The text of § 707(b)(2)(A)(ii)(I) does not permit a debtor to deduct payments made by Mr. King, the non-filing spouse, pursuant to a wage order in the 2005 Case that had expired prior to the petition date in this case. Because the wage order was not "in effect on the date of the order for relief," the deduction is improper.
2. Excess home energy costs
The Debtor claimed a deduction of $200 for excess home energy costs. The Debtor claimed a deduction of $440 under the IRS Local Standard for utilities, which includes gas, electricity, water, fuel, oil, bottled gas, trash and garbage collection, wood and other fuels, septic cleaning, and telephone. The Debtor claimed expenditures of $510 on Schedule J for utilities. The Debtor did not provide any documentation demonstrating that the deduction for excess home energy costs is reasonable and necessary.
Section 707(b)(2)(A)(ii)(V) provides:
(ii)(V) In addition, the debtor's monthly expenses may include an allowance for housing and utilities, in excess of the allowance specified by the Local Standards for housing and utilities issued by the Internal Revenue Service, based on the actual expenses for home energy costs if the debtor provides documentation of such actual expenses and demonstrates that such actual expenses are reasonable and necessary.11 U.S.C. § 707(b)(2)(A)(ii)(V) (emphasis added).
The Debtor is not entitled to the deduction for excess home energy costs because she did not provide any documentation demonstrating that the deduction for excess home energy costs is reasonable and necessary.
3. Additional Food and Clothing
The Debtor claimed a deduction of $1,368 under the IRS National Standards for food, clothing, household supplies, personal care, and miscellaneous. The IRS National Standards include $754 for food and $278 for clothing. The Debtor claimed a deduction of $52 for additional food and clothing expense. The Debtor did not provide any documentation demonstrating that the additional deduction for food and clothing expense is reasonable and necessary.
Section 707(b)(2)(A)(ii)(I) provides:
(ii)(I) In addition, if it is demonstrated that it is reasonable and necessary, the debtor's monthly expenses may also include an additional allowance for food and clothing of up to 5 percent of the food and clothing categories as specified by the National Standards issued by the Internal Revenue Service.11 U.S.C. § 707(b)(2)(A)(ii)(I) (emphasis added).

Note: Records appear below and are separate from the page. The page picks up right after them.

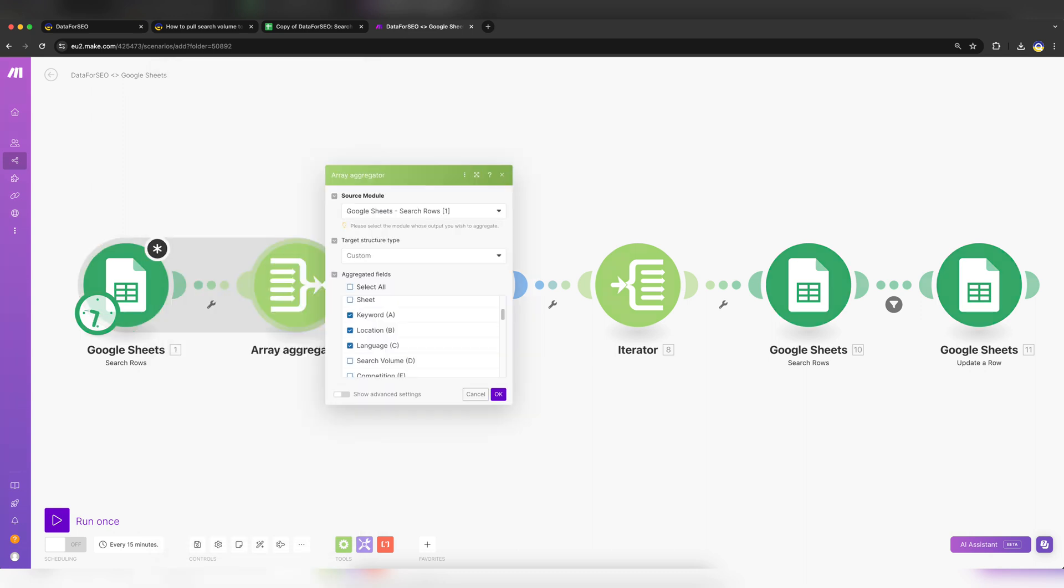The array aggregator is needed to put all the keywords into one array to make only one API request. Without it, Make will send as many requests to the API as you have keywords. Do not change anything in this module.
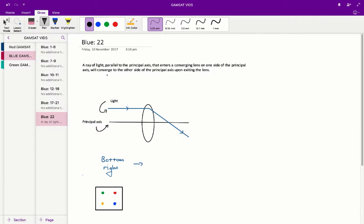Question 22 in the Acer Blue Paper. To answer question 22, you need to know one fact about light, and that is this.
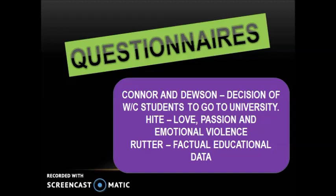In the educational context, Rutter used questionnaires to collect large amounts of data from 12 inner-city London secondary schools and was able to correlate achievements with a range of factors such as school size, class size, and number of staff. This helps overcome the limitation of low response rates by working with large datasets.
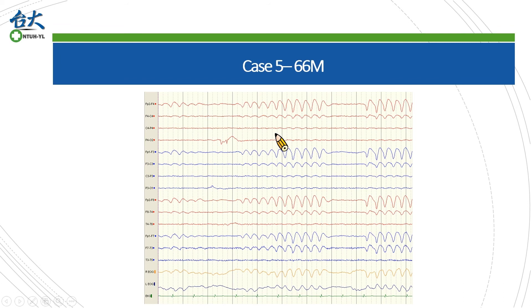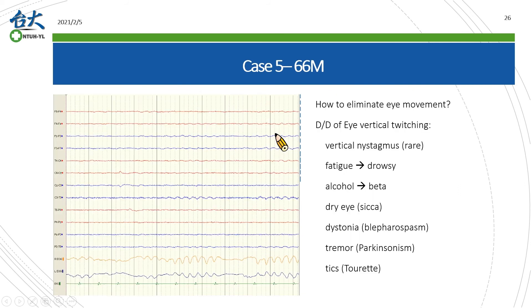Case 5 is another common artifact. It is characterized by bilateral synchronized rhythmic waves with maximum amplitude in the forehead region. An experienced EEG reader could identify them as eye blinking artifacts. The next question is how to eliminate the eye blinking artifact. Because in most cases eye movements are conjugated, we can easily remove such artifacts by changing to a coronal montage if you observe excessive vertical eye blinking or twitching in EEG.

The Debtor is not entitled to the deduction for additional food and clothing expenses because she did not provide any documentation demonstrating that the deduction is reasonable and necessary.
C. Priority Claim Payments
The Debtor claimed a deduction of $51.42 for payments on priority claims. The Debtor did not disclose any priority claims. She contends that this deduction relates to attorneys' fees in a chapter 13 case.

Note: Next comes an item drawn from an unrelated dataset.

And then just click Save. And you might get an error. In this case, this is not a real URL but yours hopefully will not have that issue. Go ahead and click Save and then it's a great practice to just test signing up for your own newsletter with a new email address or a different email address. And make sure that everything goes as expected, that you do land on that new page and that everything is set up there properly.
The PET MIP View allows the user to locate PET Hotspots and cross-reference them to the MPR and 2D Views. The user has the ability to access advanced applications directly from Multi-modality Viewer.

Section 707(b)(2)(A)(iv) provides:
(iv) The debtor's expenses for payment of all priority claims (including priority child support and alimony claims) shall be calculated as the total amount of debts entitled to priority, divided by 60.11 U.S.C. § 707(b)(2)(A)(iv).
The Debtor is not entitled to the deduction for payment of priority claims because she did not disclose any priority claims.
V. ADJUSTMENTS TO THE MEANS TEST
The above adjustments incorporated into the means test would result in the following: Table 1: Line Adjustments required to Form 22A Deductions Form 22A Line Items Correct Adjustment to Form 22A Deductions Amount TOTAL ($2,006.33) Table 2: Presumption of abuse under the Adjusted Form 22A Form 22A Line Items Debtor's Amount Corrected Amount Presumption Determination
Debtor's Total Deductions + Total Adjustment to Form 22A Deductions = Corrected Amount; $14,044.98 + -$2,006.33 = $12,038.65.
VI. CONCLUSION
The presumption of abuse arises under the means tests. The UST's motion for summary judgment is granted and the case is dismissed by separate order issued this date.